Allora forse quel che c’è di veramente peculiare in questo graphic novel sta nell’atto di lettura. Che non sia più l’autore a decidere in quale ordine somministrarci le varie fasi storiche che riempiono uno stesso spazio, bensì il lettore a stabilire su quale frammento di tempo far rimbalzare l’occhio all’interno della pagina, non è certo una novità narrativa. A questo però si aggiunge il fatto che, mediante l’utilizzo dell’immagine, la narrazione è servita come su un vassoio: si può scegliere di iniziare da un episodio del passato o da un riquadro del futuro, ma la storia è tutta contemporaneamente davanti agli occhi del lettore, dilatata in maniera vertiginosa in entrambi i sensi cronologici.

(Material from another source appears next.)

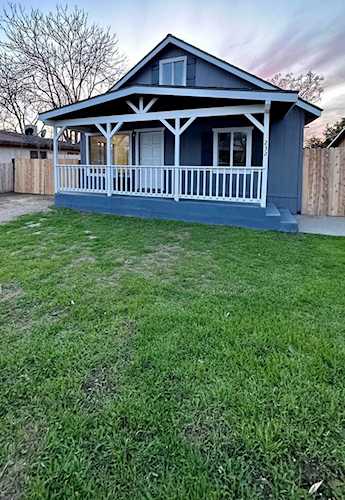 232 S Quince Ave Exeter, CA 93221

Era questa la «nuova dimensione per la narrativa illustrata» che, come ha scritto Chris Ware in una recensione sul The Guardian, McGuire ha aperto nell’89; e, se il suo libro resta ancora oggi sorprendente, io credo che sia anche perché l’autore ha saputo legare così radicalmente la storia a uno spazio ben circoscritto. All’interno dello stesso contenitore, il fluire degli anni risulta incessante, vorticoso e il lettore lo percepisce in maniera quasi epidermica.
McGuire restituisce il sentimento del tempo senza legarlo a nessuna memoria individuale: in Qui non c’è un protagonista e non c’è neanche una conclusione. Strategicamente, il libro non si ferma al 2015, e dunque a un presente prossimo a scadere, ma al 1957, chiudendo il cerchio ma in realtà facendolo esplodere: nelle trecento pagine del volume il lettore ha viaggiato nel passato, in un futuro prossimo che plausibilmente conoscerà e in futuro remoto cui non assisterà, ad esempio quello in cui si faranno visite guidate attraverso proiezioni istantanee ottenute digitando direttamente nell’aria, senza supporti tecnologici.
Nelle pagine finali, dopo decine di vite raccontate in frammenti, un televisore del ’72 manda in onda il film Casablanca: Dooley Wilson, che interpreta il pianista Sam, sta cantando «It’s still the same old story, a fight for love and glory». Sarebbe stata una bella conclusione per questo romanzo sul tempo e sulle storie, su un luogo che li contiene come per una sorta di singolare metonimia. McGuire opta invece per un vero e proprio sigillo, un po’ didascalico, ma di certo perdonabile: nell’ultimo disegno una donna prende un libro posato sul tavolino e dice «Ora mi ricordo».